Red Oak is a porous wood. White Oak is not. You didn't say which one it is. With what you've already done, clean the BLO off with mineral spirits. If anything use plain mineral oil.












 





.
.


----------



## jack warner (Oct 15, 2010)

there are over 600 species of oak and although whgite oak is a little more dence, with a tighter grain there are several white oak species that are very pouris. one that comes to mind is chestnut oak.
anyway...i wouldnt use thinners on something your gonna cut food on. i use 100% tung oil on cutting boards, although you have to wait a couple of weeks in between coats for drying.


----------



## Longknife (Oct 25, 2010)

First of all, the oil which is not drawn into the wood after 20 minutes should be wiped off otherwise you will have that "gummy" effect. Repeat with new oiling/wiping until there are no dry spots anymore.

Boiled linseed oil will have less ability to penetrate the wood than raw oil. The boiling make the molecules larger. The benefit of boiled oil is that it dries must faster.

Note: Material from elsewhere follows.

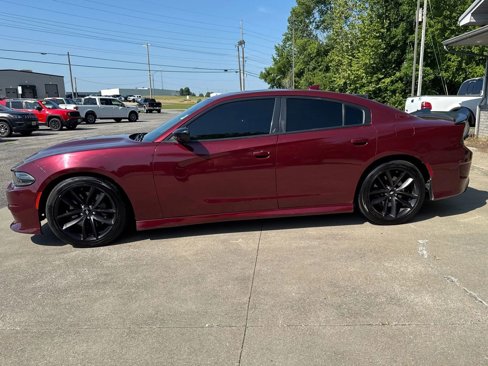 Used 2019 Dodge Charger GT w/ Plus Group image 4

In general linseed oil is not suitable for items that are in contact with food. It will get the food a bad taste. Instead I use liquid paraffin for such items.

Also remember to dispose of your wiping rags in a safe way. Linseed oil is likely to self-combustion.


----------



## woodmeistro (Jul 9, 2010)

Thanks, I will try cleaning the sticky stuff off with MS and then go with mileral oil. Red oak was used because it was FREE, I acquired about 40 peices of 6/4 x 6'' x 6' a while back and am glad to use it up. I did let the first coat set for about 3-4 days and the second has been sitting now for well over a week. thanks again for the input


----------



## TimPa (Jan 27, 2010)

as cman said, mineral oil is the best choice for food prep wood finish. i wouldn't worry about the oak, studies find that the food handling is 99.9% responsible for the cutting board safety. and, the high quality cutting boards are end grain on the cutting surface, how much more porous can you get from a piece of wood.

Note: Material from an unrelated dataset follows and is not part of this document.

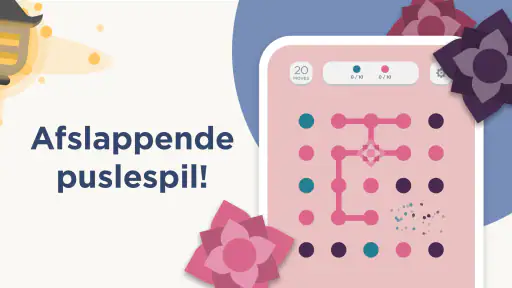 Two Dots: hovedbrudsspil screenshot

http://faculty.vetmed.ucdavis.edu/faculty/docliver/Research/cuttingboard.htm


----------



## jack warner (Oct 15, 2010)

very interesting read tim thanx, although i have never seen and end grain cutting board


----------



## Wood4Fun (Aug 29, 2008)

jack warner said:


> very interesting read tim thanx, although i have never seen and end grain cutting board


oh, I bet you have and just didn't think about it. Most professional cutting boards are end grain.

Here is a picture of one (of 12) I made for Christmas gifts last year...


----------



## jack warner (Oct 15, 2010)

that is very posible. i did a google search on pro cutting boards and didnt see any.
but thats a purdy one you have there


----------